Embelin promotes oncolytic vaccinia virus-mediated antitumor immunity through disruption of IL-6/STAT3 signaling in lymphoma

Abstract

Objective: Oncolytic virotherapy is a promising alternative to conventional treatment, yet limited viral replication and immune-negative feedback are the major hurdles to effective viro-immunotherapy. Methods: In this study, we found that use of an adjuvant of embelin, a small molecular inhibitor of XIAP, increased the replication of oncolytic vaccinia virus (OVV) by mitigating antiviral innate immunity. Moreover, embelin suppresses constitutive STAT3 phosphoryla-tion and mitigates OVV-induced activation of STAT3 in lymphoma. In the subcutaneous lymphoma model, embelin significantly enhanced the therapeutic efficacy of OVV and prolonged the survival. In addition, embelin significantly increased the OVV-induced infil-tration of T cells and NK cells and decreased the number of OVV-induced myeloid-derived suppressor cells (MDSCs) in the tumor microenvironment.

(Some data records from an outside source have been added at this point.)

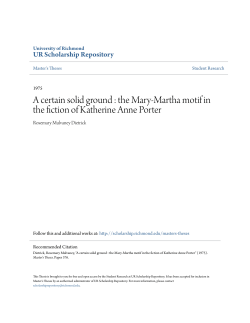 the Mary-Martha motif in the fiction of Katherine Anne Porter
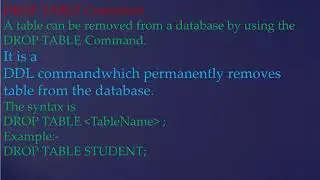 Difference between DROP and Delete Commands in SQL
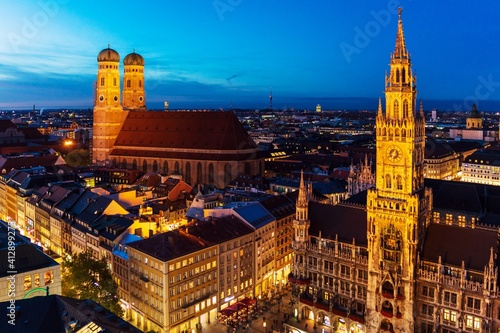 Wallpaper Mural Aerial view of Frauenkirche at night, Munich, Bavaria, Germany Torontodigital.ca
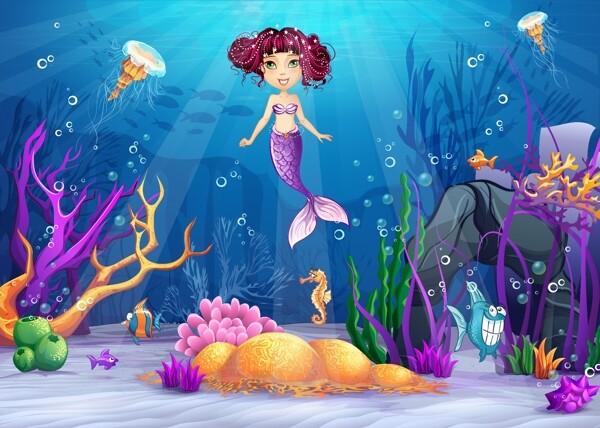 海底美丽可爱的美人鱼插画
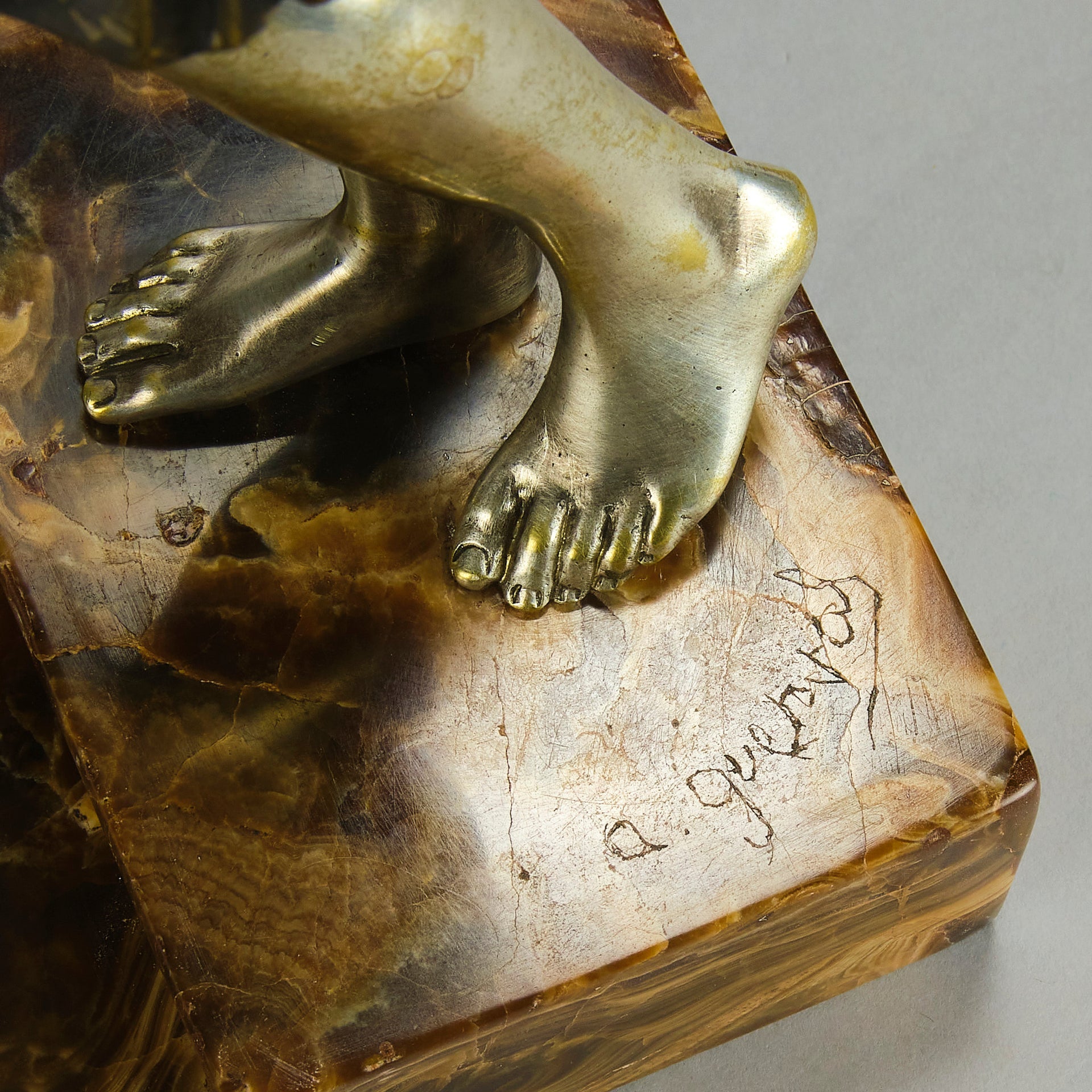 Raymond Guerbe Bronze - Art Deco Figure - Hickmet Fine Arts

Results: Our results explored the ability of OVV and embelin in combination to enhance lymphoma cell lysis, revealing a beneficial combinatorial effect wherein both lymphoma cell lysis and OVV replication were enhanced both in vitro and in an in vivo murine model system. Conclusion: Our findings indicate the utility of embelin as an adjuvant for oncolytic viro-immunotherapy.